One problem with a global-area structure and a localization strategy is that the
duplication of specialist activities across countries raises a company’s overall cost
structure. Moreover, the company is not taking advantage of opportunities to transfer,share,or leverage its competencies and capabilities on a global basis; for example,
it cannot apply the low-cost manufacturing expertise that it has developed in one
world region to another. Thus, localization companies lose the many benefits of operating globally.

A company pursuing an international strategy adopts a different route to global expansion. Normally, the company shifts to this strategy when it decides to sell domestically made products in markets abroad.
Such companies usually just add a foreign sales organization to their existing structure and continue to use the same control system. If a company is using a functional structure, this department has to coordinate manufacturing, sales, and R&D activities with the needs of the foreign market. Efforts at customization are minimal. In
overseas countries, a company usually establishes a subsidiary to handle local sales and distribution.

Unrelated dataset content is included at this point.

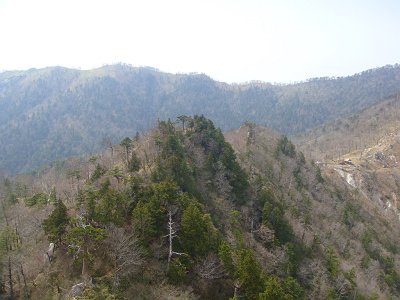 歩いてきたピークを見下ろす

A system of behavior controls is then established to keep the home office informed of changes in sales, spare parts requirements, and so on.
A company with many different products or businesses operating from a multi divisional structure has the challenging problem of coordinating the flow of different products across different countries. To manage these transfers, many companies create a
global division, which they add to their existing divisional structure.
Global operations are managed as a separate divisional business, with managers given the authority and responsibility for coordinating domestic product divisions with overseas markets. The global division also monitors and controls the overseas sub-sidiaries that market the products and decides how much authority to delegate to managers in these countries.

When a company embarks on a global standardization strategy today, it locates its manufacturing and other value chain activities at the global location that will allow it to increase efficiency, quality, and innovation. In doing so, it has to solve the problems of coordinating and integrating its global value chain activities. It has to find a structure that lowers the bureaucratic costs associated with resource transfers between corporate headquarters and its overseas divisions and provides the centralized control that a global standardization strategy requires.